Friday, July 13, 2007

59. Overview -- Concluded

17. Beginning with the last section of post 46, I introduced the most speculative and problematic of all my various inquiries with the presentation of one version of a bit of Chinese history well known to many musicologists, the myth of the "Yellow Bell." I find several aspects of this story particularly meaningful, though the connection with my research is far from obvious. First, it is an origin myth, the story of the origin of music through the construction of a bamboo pipe, precisely tuned to match either a human voice (in one version of the story) or the call of a bird. Second, it takes us a very long way into the farthest reaches of Chinese history, so far back that, as musicologist Fritz Kuttner suggests, the origin of the myth becomes as mysterious as the origin of the events it describes. Third, it tells the story of how a simple act, the construction of a reed pipe, becomes the basis for many other developments of great sociocultural importance, such as: a highly sophisticated system of musical tunings and scales; a philosophy harmonizing heaven and earth through the opposition of male and female principles (yin and yang); a basic unit against which all things must be measured; a system of harmonic ratios leading to the development of a mathematical system along lines quite similar to that of the Pythagorean school of ancient Greece.

18. Inspired by a remarkable insight of the great Picasso, who stated "art is a lie that makes you see the truth," I attempt to create a myth of my own that might help me locate the truth pointed to by the "lie" of the Yellow Bell myth. Progressively, through posts 46 to 49, I work my way through various versions of the Yellow Bell story and various interpretations of its meaning, until, in post 50, I am ready to expound my own version. According to my myth, neither the Yellow Emperor nor the Yellow Bell were Chinese, but must have been African, in which case the myth must be taken very seriously indeed. Why? First because the origins of the myth itself go back so far into the depths of Chinese prehistory that the notion of "China" could not yet have existed; second, because all the evidence points not to Asia but Africa as the place where tuned pipes originated; third, because, as we have already learned, traditions can persist far longer than is generally thought possible; fourth, because certain basic elements of the story, such as the bird associations, the classification of each pipe as either male or female, the tuning in fifths produced by overblowing, and the production of a pentatonic scale, fit so well with all sorts of other information, both cultural and musical, on the nature and role of tuned pipes among all sorts of tribal and "folk" peoples, both in and "out of" Africa; because, in short, there is so much that rings true about this "myth" once we move the locale to Africa and the time to something much closer to the year 000001.

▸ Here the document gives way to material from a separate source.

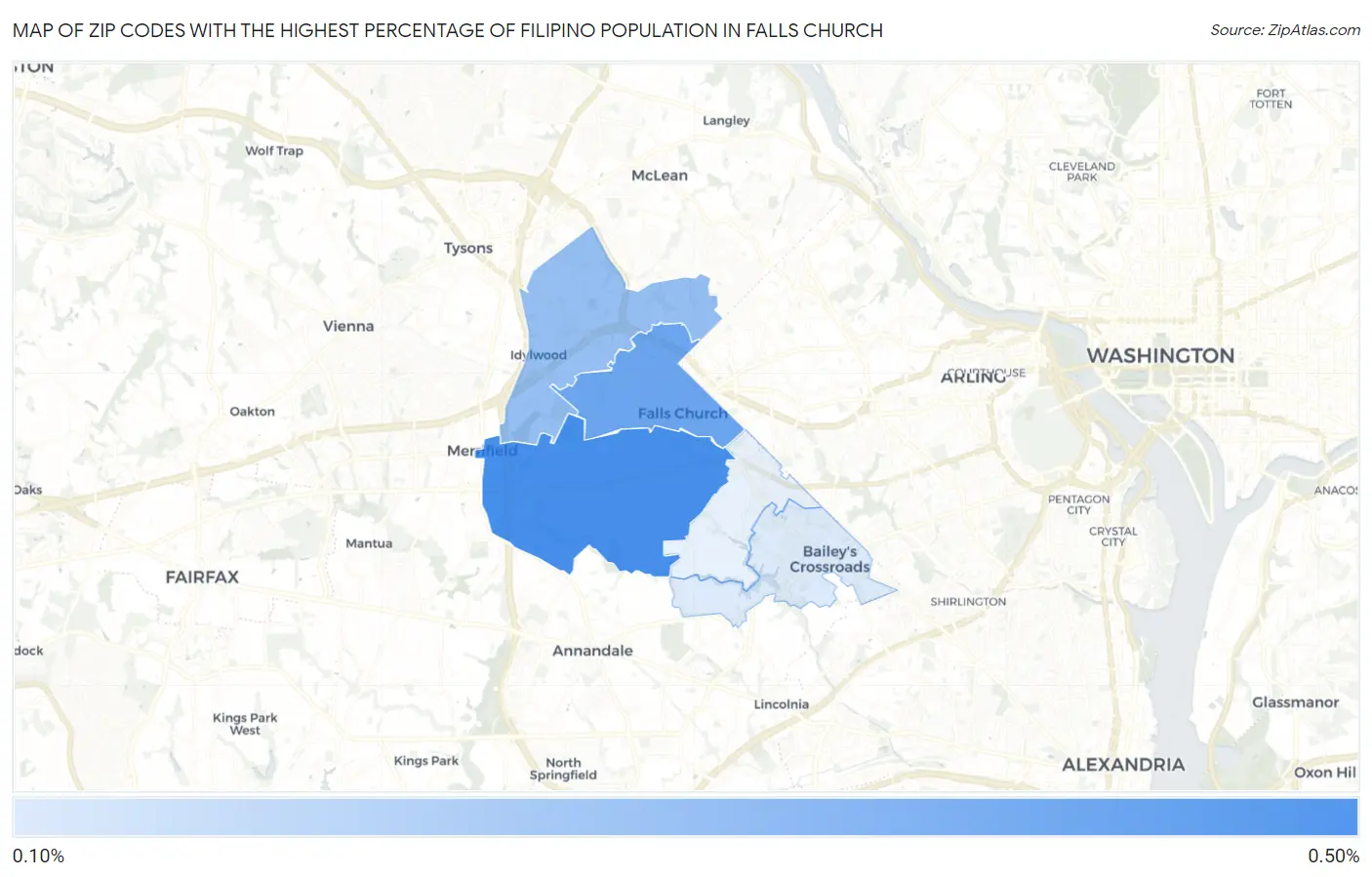 Zip Codes with the Highest Percentage of Filipino Population in Falls Church Map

19. From post 51 on I concern myself with certain clues suggesting that, "Yellow Bell" or not, the invention of tuned pipes could have had something to do, not only with the origin of music, but language as well. If we review the evolutionary process I've proposed, leading from primate duetting/chorusing to yodeled hocket, characterized by discrete pitches, it's not difficult to see how the development of hocketing pipe ensembles, tuned to the same discrete pitches, would be a very natural and simple next step. The development of language, on the other hand, must have been a far more complex and time consuming process. Yet, as Hugo Zemp points out, the existence of tuned pipes already implies the existence of some type of music theory, which in turn implies the existence of language, if not full blown, then at least in some prototypical form. So, according to my myth, language could have been born from the objectification (literally, reification) of musical tones in the form of tuned pipes. This would account for two important elements of language as we now know it: the birth of phonemes (vocable classes) from the equally "emic" pitch classes produced by pipe tunings and scales; the birth of the signifier/signified relation in the relation between each pipe and the pitch class it signifies. Moreover, each set of pipes could be said to signify a particular scale.

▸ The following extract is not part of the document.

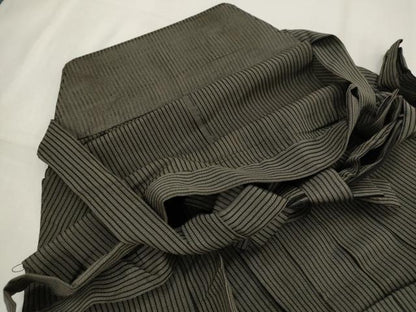 平和屋着物＊夏物　男性　行灯袴　縦絽　縞　正絹　逸品　AABL6351st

20. There is one more issue to be dealt with: as we learn over and over again from the study of cultural context, tuned pipes (and other, similarly hocketed instruments) are frequently characterized as either "male" or "female" in a wide variety of cultural settings from a wide variety of locations, from Africa to China, to Indonesia, Melanesia, South America, etc. If tuned pipes did, indeed, play a significant role in the early development of language, then it's possible they could have played an equally important role in what we now call the "construction of gender."

Is there any way of testing any part of what's covered in my "tuned pipe" myth, from the association of pipes with the origin of music, notation and music theory, to the origins of language and even gender? Probably not. On the other hand, since a great many pieces in my little box of clues do seem to fit together rather neatly, I feel confident there could be something to it, certainly enough to warrant further exploration along similar lines.